The color-matching game he vibe-coded is simple: It shows you a color for a few brief moments, and then takes it away and tests how well you can re-create it using controls to set hue, saturation, and brightness. Players are then scored based on how close they come to matching the original. Teehan says their data shows vivid blues and greens are some of the easiest colors for people to successfully recall, while cyans and reds are some of the hardest. Pastels are 7% harder to match than vivid colors, he says.
The game launched in February after Teehan posted about it on Threads and X. It then “grew just way faster than I expected,” he says, with about half a million plays in a few days.
He brought on his son Sam to run and grow it full time in hopes of turning the website into a real business, and it’s since expanded into more vibe-coded mini-games along similar lines.

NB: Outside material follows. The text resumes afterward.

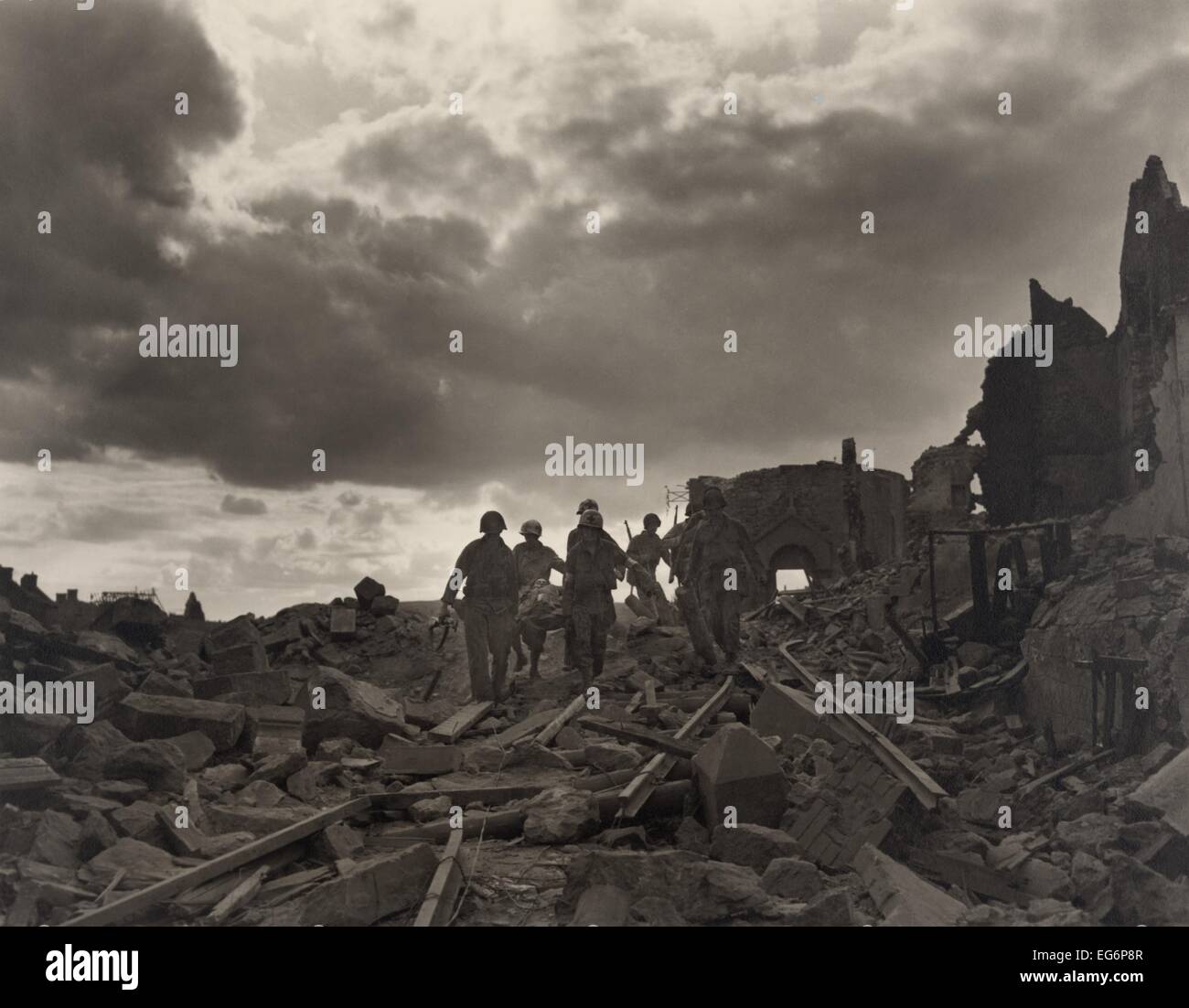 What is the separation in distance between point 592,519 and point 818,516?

A sound game, in which players try to recreate a tone’s frequency, launched in March, followed by a time-matching game in April and a shape-matching game this past Tuesday.
“I think we just figured out a simple formula that works,” Teehan says. “You’re going to perceive a stimulus, then you’re going to re-create it from memory using simple inputs or controls.” Players are scored, and they can share their scores and compete with friends. Simplicity is key.

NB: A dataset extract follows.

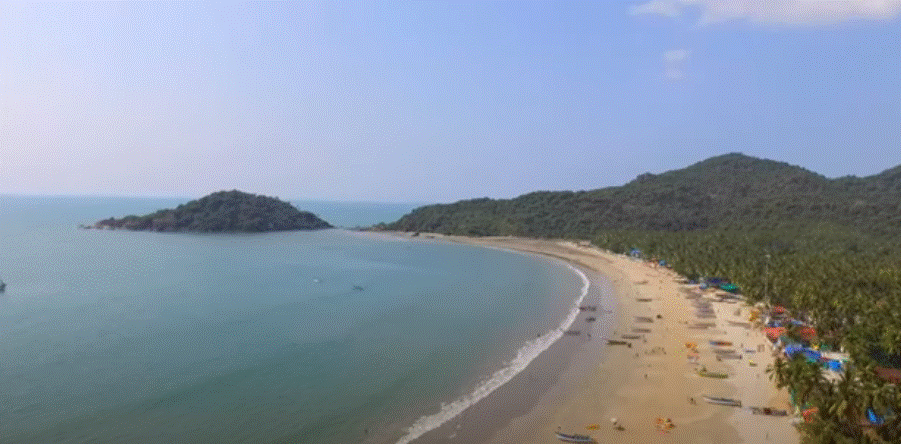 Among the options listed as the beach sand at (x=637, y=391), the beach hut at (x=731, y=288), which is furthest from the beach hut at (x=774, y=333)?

“We’re stripping out everything else that’s unnecessary,” he says. “There’s no instructions . . . there’s no sign-ups or logins. There’s no onboarding. There’s no app to download. You just click a link, and you’re playing.”

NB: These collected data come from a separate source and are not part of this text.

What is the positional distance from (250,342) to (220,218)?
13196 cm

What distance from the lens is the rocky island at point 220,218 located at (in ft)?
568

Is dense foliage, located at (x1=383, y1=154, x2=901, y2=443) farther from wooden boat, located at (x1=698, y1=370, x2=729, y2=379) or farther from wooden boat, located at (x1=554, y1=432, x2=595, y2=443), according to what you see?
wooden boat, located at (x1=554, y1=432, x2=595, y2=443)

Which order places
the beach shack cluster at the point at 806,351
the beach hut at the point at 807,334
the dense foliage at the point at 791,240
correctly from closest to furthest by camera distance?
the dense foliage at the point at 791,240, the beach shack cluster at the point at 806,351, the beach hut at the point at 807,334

Scaling the site from a single-use app to a multi-game page that supports millions of plays has been a learning curve for Teehan’s son, 23, who got his undergrad degree in finance and is now getting a crash-course education in growing a vibe-coding video game brand.
“It’s just really fun to build these out and actually see in real time, when we launch a game, how people react,” Sam Teehan says. He gets game feedback, suggestions, and ideas from Dialed’s Discord server.
Not every game idea has been shipped, and some of the concepts have been duplicative. The new shape-matching game combines earlier ideas for games they tried called Position, Rotation, and Scale.
“We built out a bunch of other games that were, frankly, kind of bad, in order to get to that game,” Geoff Teehan says. “It’s a lot of experimentation.”
He says the growth of Dialed shows how it’s easier than ever before to build products with just a few people.